# INPUT DATA:
%%

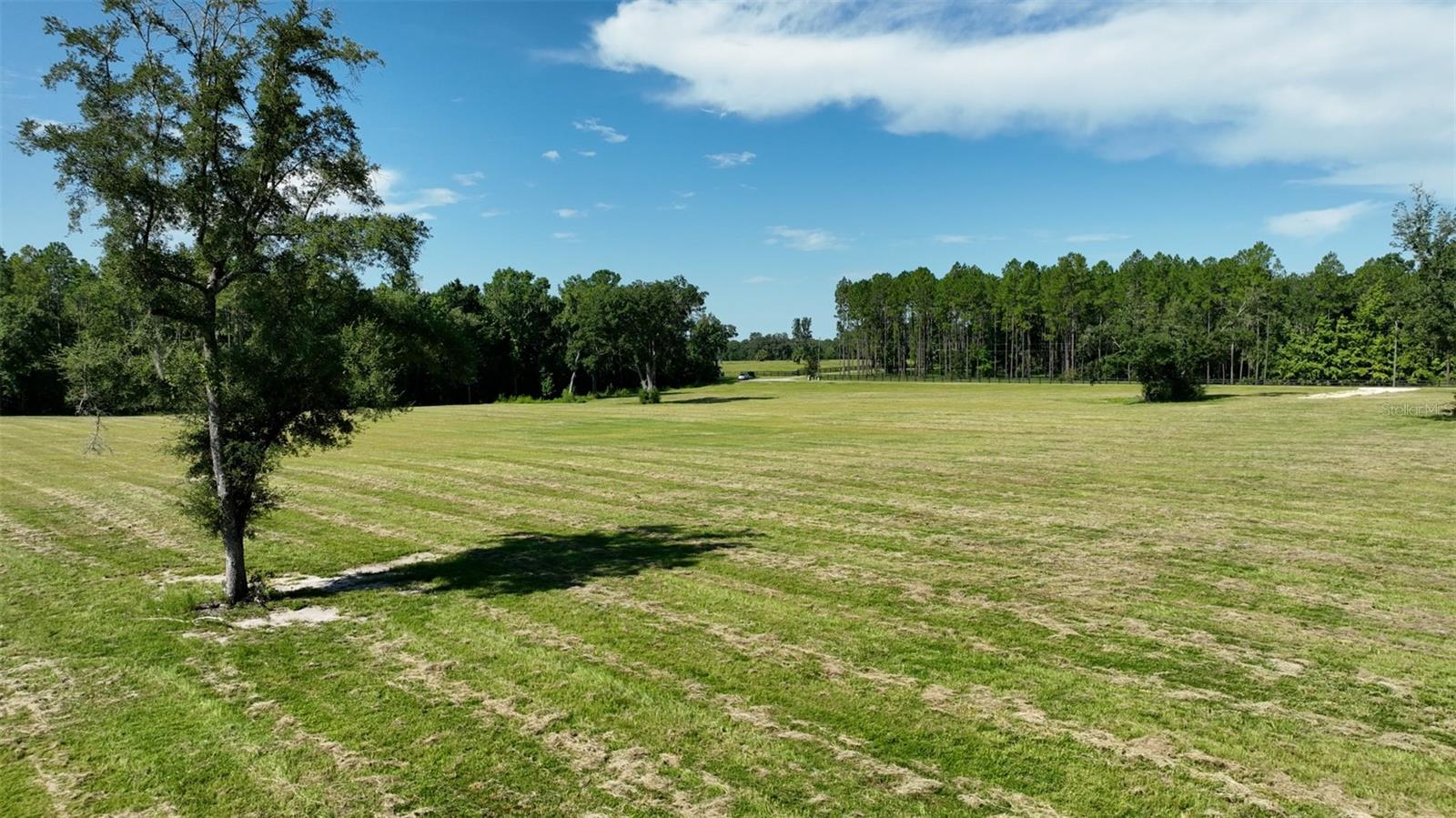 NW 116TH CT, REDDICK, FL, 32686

%%
%%

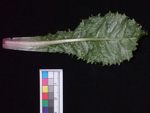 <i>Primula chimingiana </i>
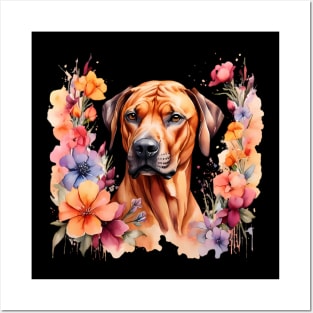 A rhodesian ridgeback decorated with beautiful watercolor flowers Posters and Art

%%

Copy nothing but the lines above from the one with "<i>Primula chimingiana </i>" to the one with "A rhodesian ridgeback", inclusive, word for word. Leave every picture out.

# WRITTEN SOLUTION:
 <i>Primula chimingiana </i>
 A rhodesian ridgeback decorated with beautiful watercolor flowers Posters and Art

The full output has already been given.